Au XIVe siècle, le Dolpo tomba sous la tutelle de son voisin oriental, le royaume de Lo, qui contrôlait la route commerciale transhimalayenne à travers les gorges de Kali Gandaki (en). Les Dolpo-pa devaient payer des impôts et se rendre à Lo Monthang pour fournir du travail manuel. Pendant un certain temps entre le XVe siècle (1440 ?) et le XVIe siècle, le Dolpo fut temporairement indépendant et gouverné par un roi de la dynastie Ra nag[1].

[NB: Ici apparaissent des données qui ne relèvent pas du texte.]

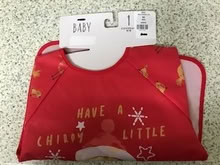 Photo of free Cover all sleeved Bib (Liverpool) #2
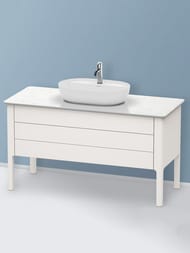 ����� ��� �������� Duravit Luv 1338�743�570 2 �����, ����������� ����� ������� ��� LU956603939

En 1769, Prithvi Narayan, chef de la petite principauté située sur l'actuel district de Gorkha, soumit progressivement les nombreuses principautés environnantes. Les Gorkhas conquièrent Katmandou et fondèrent le royaume du Népal, qui atteindra bientôt plus ou moins l'étendue moderne du pays. En 1789, le Népal englobe le royaume de Lo et avec lui, le Jumla et le le Dolpo, qui tombèrent sans même que les troupes n'y entrassent. La tentative du royaume d'arracher à la Chine sa suzeraineté nominale sur le Tibet s'est soldée par une intervention chinoise massive qui a obligé le Népal à rendre hommage à la Chine. Le Dolpo, quant à lui, devint gouverné par de nouveaux maîtres, d'une religion différente (l'hindouisme), depuis une capitale lointaine. Les nouveaux dirigeants ignorent cette région isolée, sauf pour prélever les taxes sur le sel. La vie quotidienne ne changea donc pas beaucoup. Ses habitants continuèrent à aller au Tibet pour faire paître leur bétail et troquer le grain contre le sel des Drog-Pa, peuples nomades des hauts plateaux[1],[3].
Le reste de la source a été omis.